Task item -> Answer with a number only: how many lines of the entries below contain the word "Green"?
---
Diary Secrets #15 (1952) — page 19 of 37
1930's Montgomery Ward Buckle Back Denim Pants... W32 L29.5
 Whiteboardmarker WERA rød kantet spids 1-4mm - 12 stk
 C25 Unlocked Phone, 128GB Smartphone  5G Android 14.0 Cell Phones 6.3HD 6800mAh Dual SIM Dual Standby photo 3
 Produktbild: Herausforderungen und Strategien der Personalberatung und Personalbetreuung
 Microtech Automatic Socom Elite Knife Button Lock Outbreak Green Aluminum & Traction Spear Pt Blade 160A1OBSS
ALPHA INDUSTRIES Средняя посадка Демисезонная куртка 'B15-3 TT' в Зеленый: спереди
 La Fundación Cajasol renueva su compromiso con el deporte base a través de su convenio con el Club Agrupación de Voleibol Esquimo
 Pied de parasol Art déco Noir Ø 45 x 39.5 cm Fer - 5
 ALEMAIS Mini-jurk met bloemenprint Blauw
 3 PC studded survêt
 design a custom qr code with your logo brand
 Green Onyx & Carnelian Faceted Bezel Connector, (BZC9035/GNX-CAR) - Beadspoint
---
Output for this exercise -> 2